Tragically, Omalu must perform autopsies on more former NFL players, finding additional cases of CTE. He publishes his results, linking players’ repeated headfirst collisions to later destructive behavior.
But Omalu is up against an organization that “owns a day of the week, the same day the church used to own,” a colleague warns him. The NFL, which each week depends on dozens of “whistleblowers,” flexes its legal and public relations muscles to silence Omalu. His wife (Gugu Mbatha-Raw), however, encourages him to trust God’s wisdom.
“God put you here in this rusty city” to tell the truth, she tells her husband, who is Catholic. The film otherwise touches little on Omalu’s faith.
Concussion (rated PG-13 for thematic material, including some disturbing images and language) focuses on a gifted academic—Omalu interned at Columbia University and earned master’s degrees in business administration and public health and a graduate degree in music theory—who grew up in Nigeria in love with the idea of America. But he is “offended,” he says, that so many Americans don’t care to know the truth about CTE.
But it’s more than disinterest.
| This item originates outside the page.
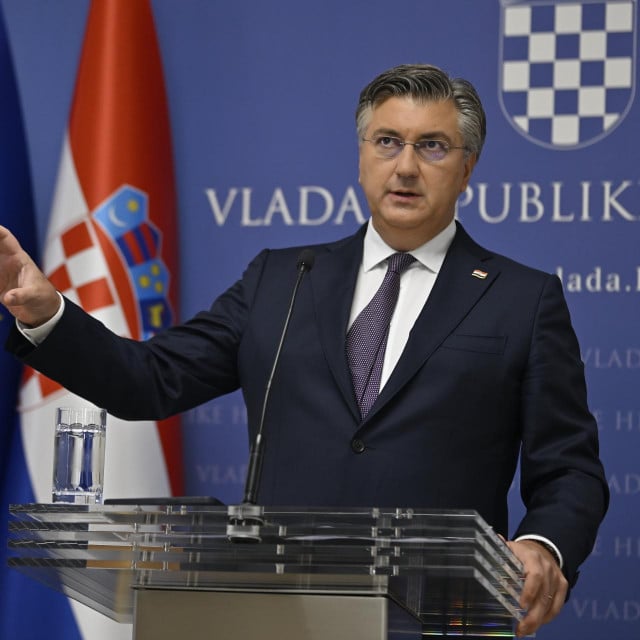 &lt;p&gt;Zagreb, 140924.&lt;br&gt;
Banski dvori, Trg sv. Marka.&lt;br&gt;
Predsjednik Vlade Andrej Plenkovic odrzao je konferenciju za medije na temu najnovijeg izvjesca agencije za dodjelu kreditnog rejtinga Standard &amp; Poor‘s.&lt;br&gt;
Na fotografiji: Andrej Plenkovic.&lt;br&gt;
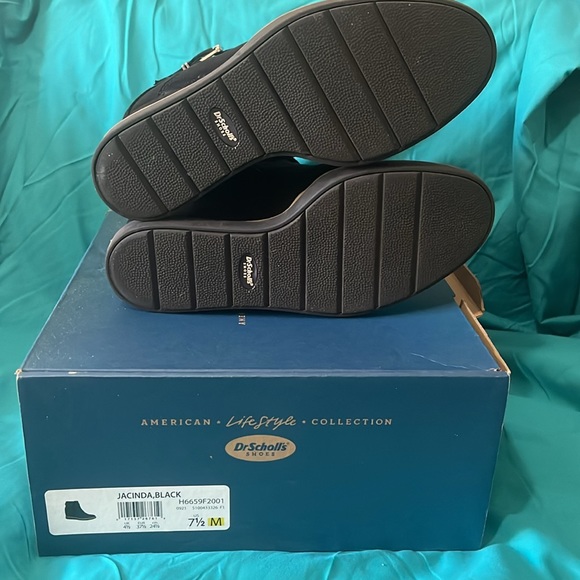 Dr. Scholl’s Jacinda black wedge bootie. Comes with original box - Picture 4 of 7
Concussion, like the 2013 PBS Frontline documentary League of Denial, asserts the NFL published bogus studies to downplay the long-term impact of concussions. A congressional committee even likened NFL Commissioner Roger Goodell’s denials to the tobacco industry’s decades-long cover-up of research about the dangers of its products.
The score still is not settled on or off the field. The NFL has added stiff penalties for helmet-to-helmet hits, but the league and thousands of former players are still working out the details of a lawsuit that is closing in on a settlement of $1 billion. And time will tell how much influence Concussion will have on fans who might reconsider how much brutality they will support and on parents who might rethink allowing their children to play a potentially fatal sport.